Looks good, do you have a wok burner yet?


----------



## K-Fed (Oct 14, 2012)

I've got one on the way. It's from fleebay. The burner itself looks great ( claimed 100k btu max ) but I think I'll probably be changing out the fittings.


----------



## Kyle (Oct 14, 2012)

Where did you get the wok?


----------



## K-Fed (Oct 14, 2012)

http://m.webstaurantstore.com/search/Wok.html?searchType=products&page=2 was where I picked up the wok.


----------



## Pabloz (Oct 16, 2012)

Around here we call it DISKO. I was first exposed when I had my landscaping company in El Paso and had a crew of three brothers from Juarez that would "hace tuna dicada" where they would basically make a Mexican stir fry with nopales, cebolla, ajo, jalapeno y bistec and serve with pico de gallo y cilantro on corn tortillas by the kilo. The wok aka "disko" was an old disk from a farm harrow with the center hole welded shut. Then they would stand it up on cinder blocks and make a fire from scrap wood from the job site y hace lonche.

MUCH more rustic than this:

http://www.disc-it.com/

PZ


----------



## K-Fed (Oct 16, 2012)

Got the new burner in and set up... Seems like it should do the trick.

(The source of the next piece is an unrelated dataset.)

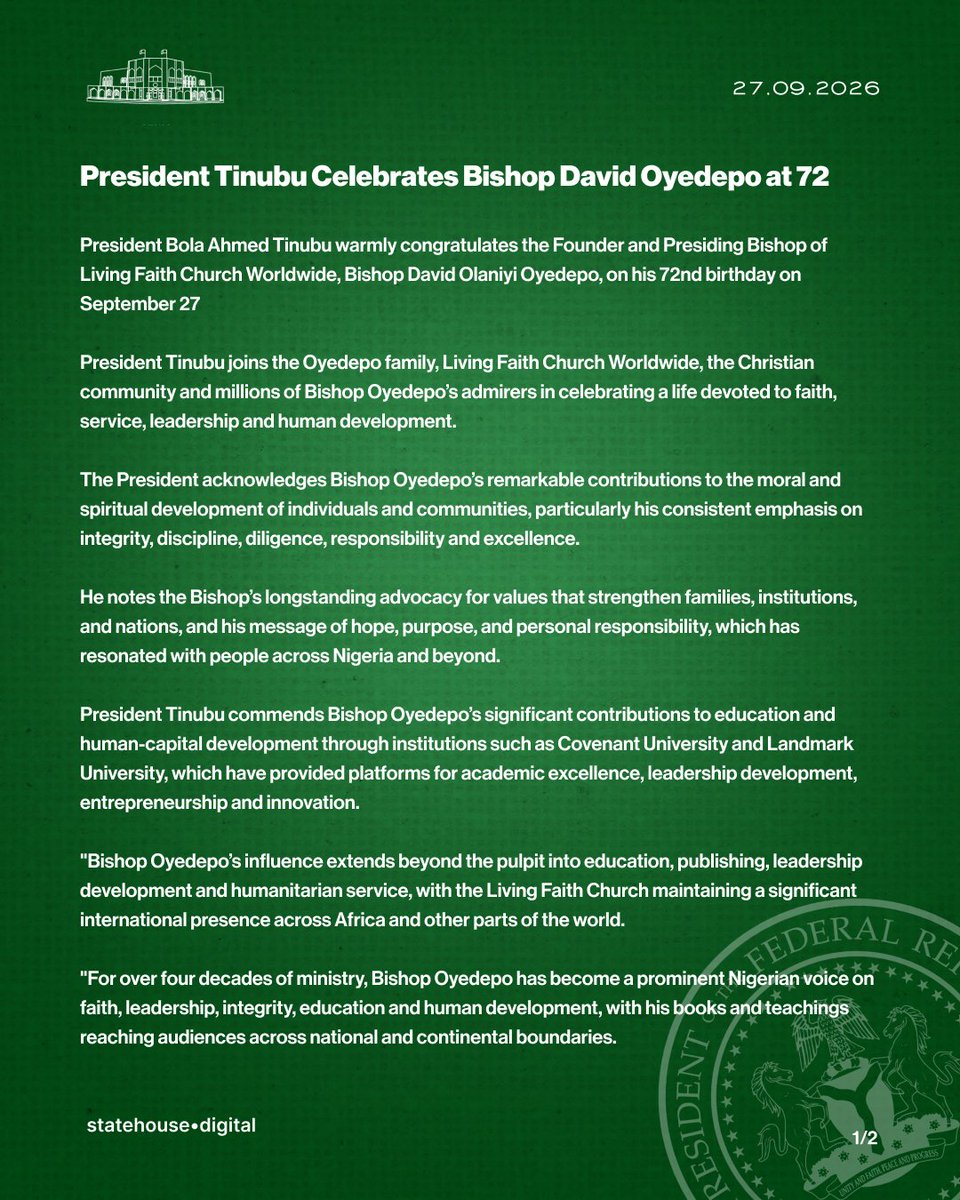 NGRPresident's tweet photo. President Tinubu Celebrates Bishop David Oyedepo at 72. https://t.co/2VgaDJo6ei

http://www.youtube.com/watch?v=X28-ZWlwpos&feature=youtu.be


----------



## K-Fed (Oct 21, 2012)

I've been doing a good bit of cooking in the wok since I've gotten it. I wish I would have bought such a setup a couple years ago when I first started looking around for outdoor wok-ing stuff. It really is a blast, not to mention the food is great. Nothing against chinese take out places but I've gotten much better results on my own then I've ever had at any place around here. Any way pics or it didn't happen right....

The first thing I made in the wok was a little egg fried rice for breakfast. Turned out great with no noticeable sticking issues.







Next was a little pad thai. I learned on this one that the burner gets way too hot to crank it up with nothing in the wok and ended up blasting off the season in the wok and the rice noodles stuck a little. No biggie. just cleaned and re-seasoned it the next evening.






and lastly made a little szechuan chicken stir-fry.






Anyone have any recipes that you would like to share? I'm open to just about anything even if it doesn't involve traditional chinese/thai ingredients or flavors.


----------



## makanouchi (Nov 19, 2012)

Most Asian markets will have a wok type burner, the more btu the better.


----------